◆ **DATA RECORDS**:
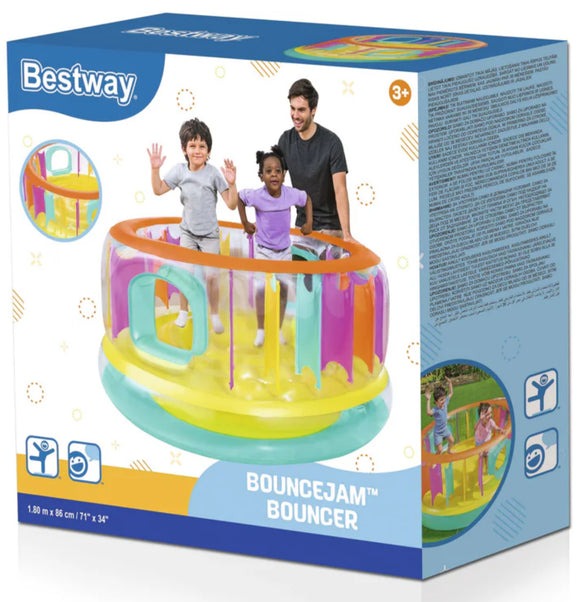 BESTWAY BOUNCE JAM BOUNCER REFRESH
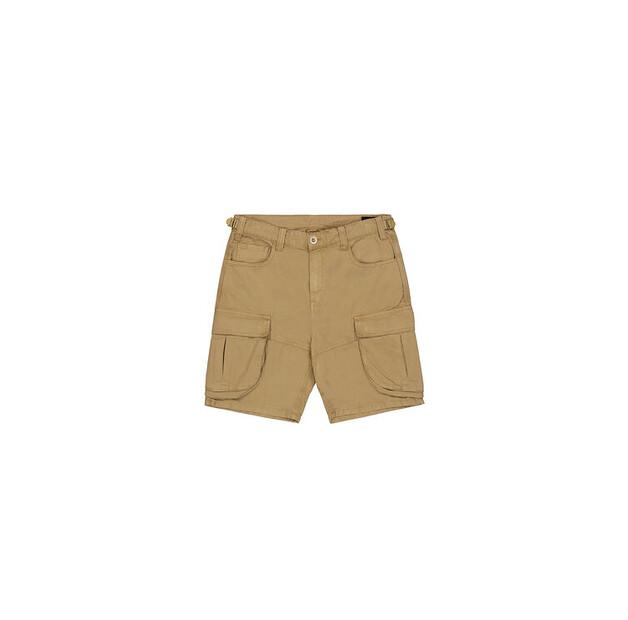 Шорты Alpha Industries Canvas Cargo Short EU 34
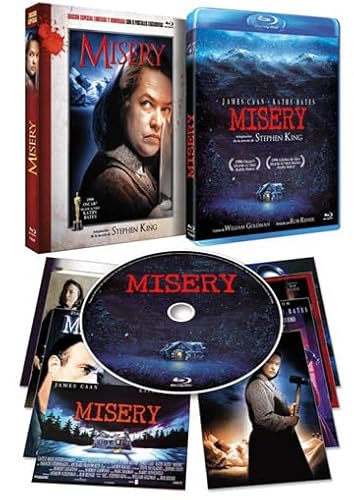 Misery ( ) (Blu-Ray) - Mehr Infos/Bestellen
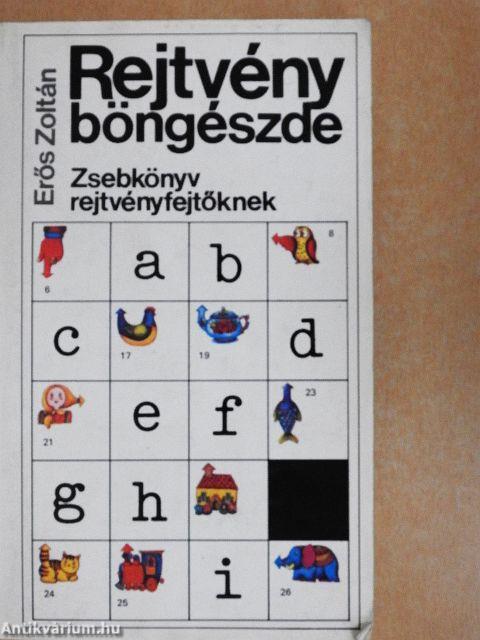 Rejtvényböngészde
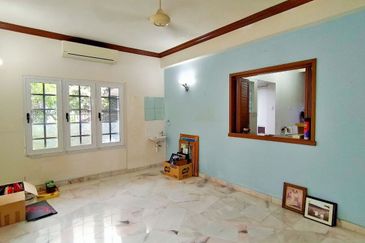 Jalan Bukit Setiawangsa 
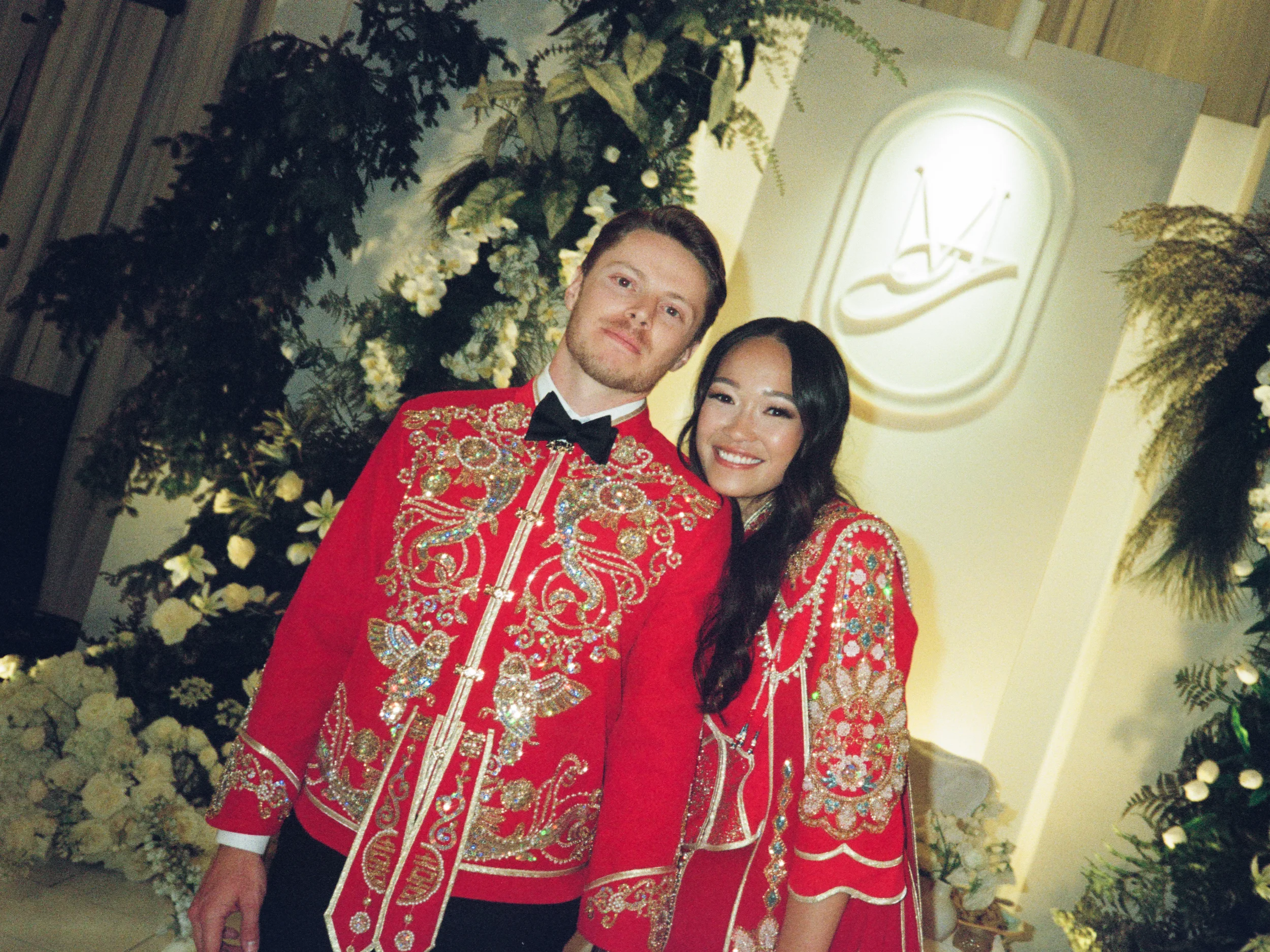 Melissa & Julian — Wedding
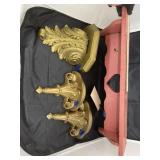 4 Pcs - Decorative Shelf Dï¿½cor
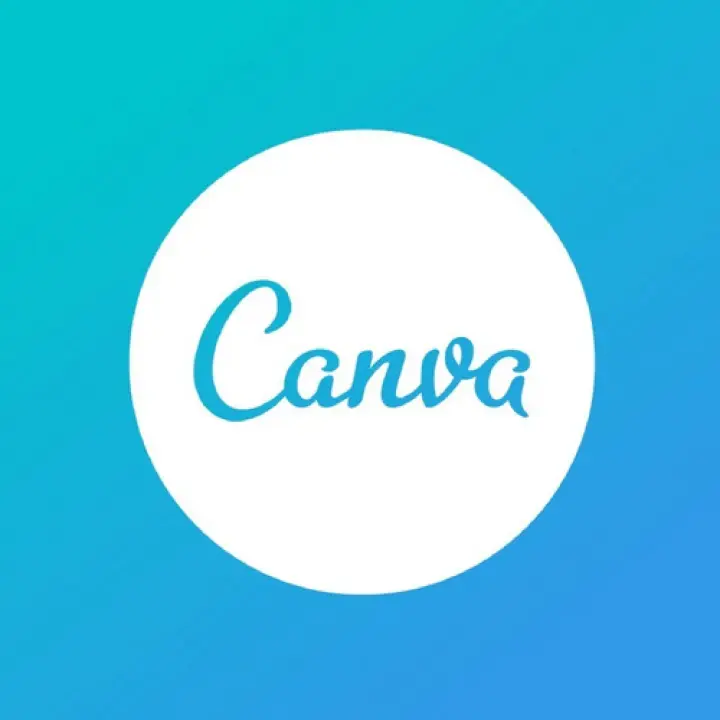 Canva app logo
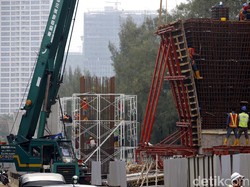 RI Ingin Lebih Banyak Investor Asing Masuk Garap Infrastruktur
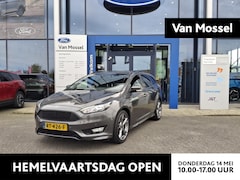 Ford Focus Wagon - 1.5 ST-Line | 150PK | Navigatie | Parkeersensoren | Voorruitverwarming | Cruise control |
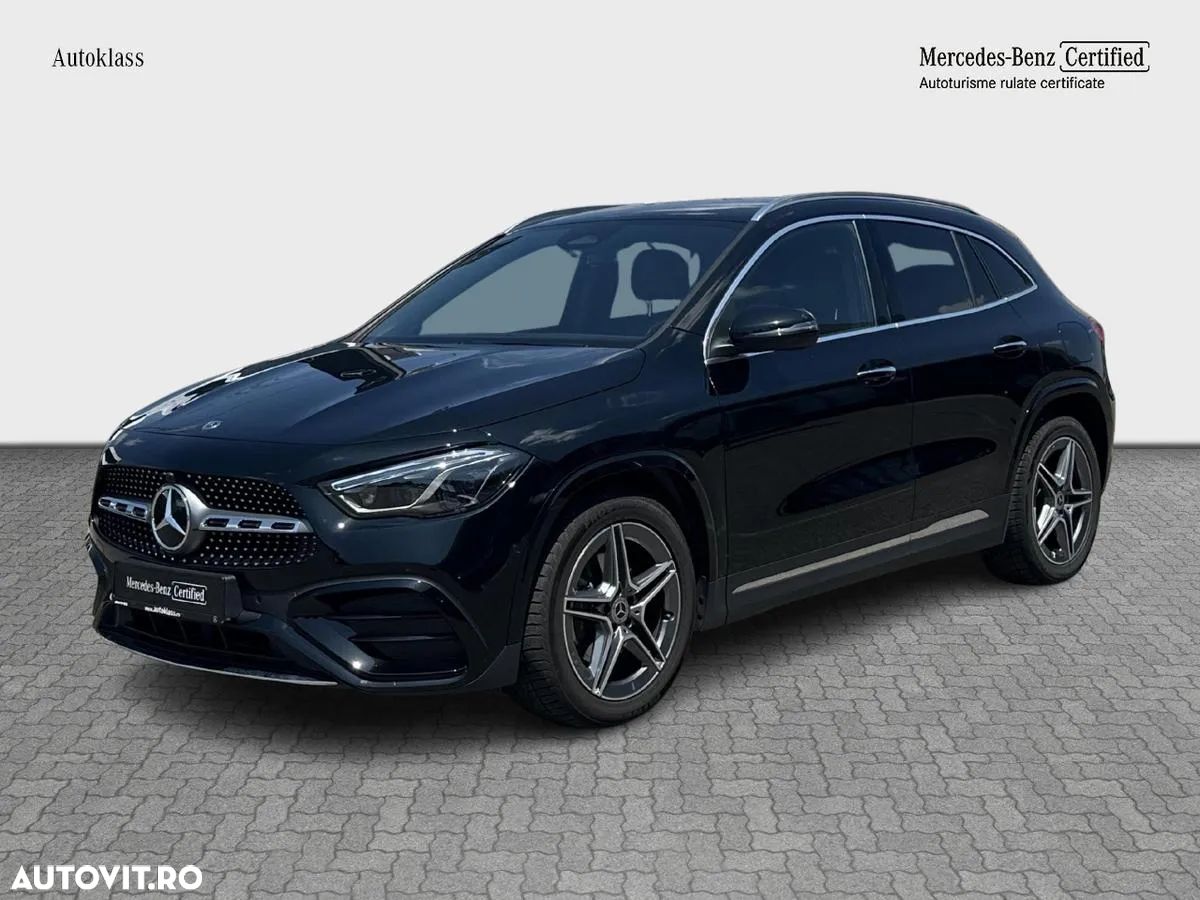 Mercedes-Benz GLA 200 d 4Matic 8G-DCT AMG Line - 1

◆ **TASK TO CARRY OUT**:
Take the line containing "4 Pcs - Decorative Shelf Dï¿½cor" as the first and the last line of the records as the end. Print every line in that span exactly, leaving out pictures.

◆ **ANSWER SECTION**:
 4 Pcs - Decorative Shelf Dï¿½cor
 Canva app logo
 RI Ingin Lebih Banyak Investor Asing Masuk Garap Infrastruktur
 Ford Focus Wagon - 1.5 ST-Line | 150PK | Navigatie | Parkeersensoren | Voorruitverwarming | Cruise control |
 Mercedes-Benz GLA 200 d 4Matic 8G-DCT AMG Line - 1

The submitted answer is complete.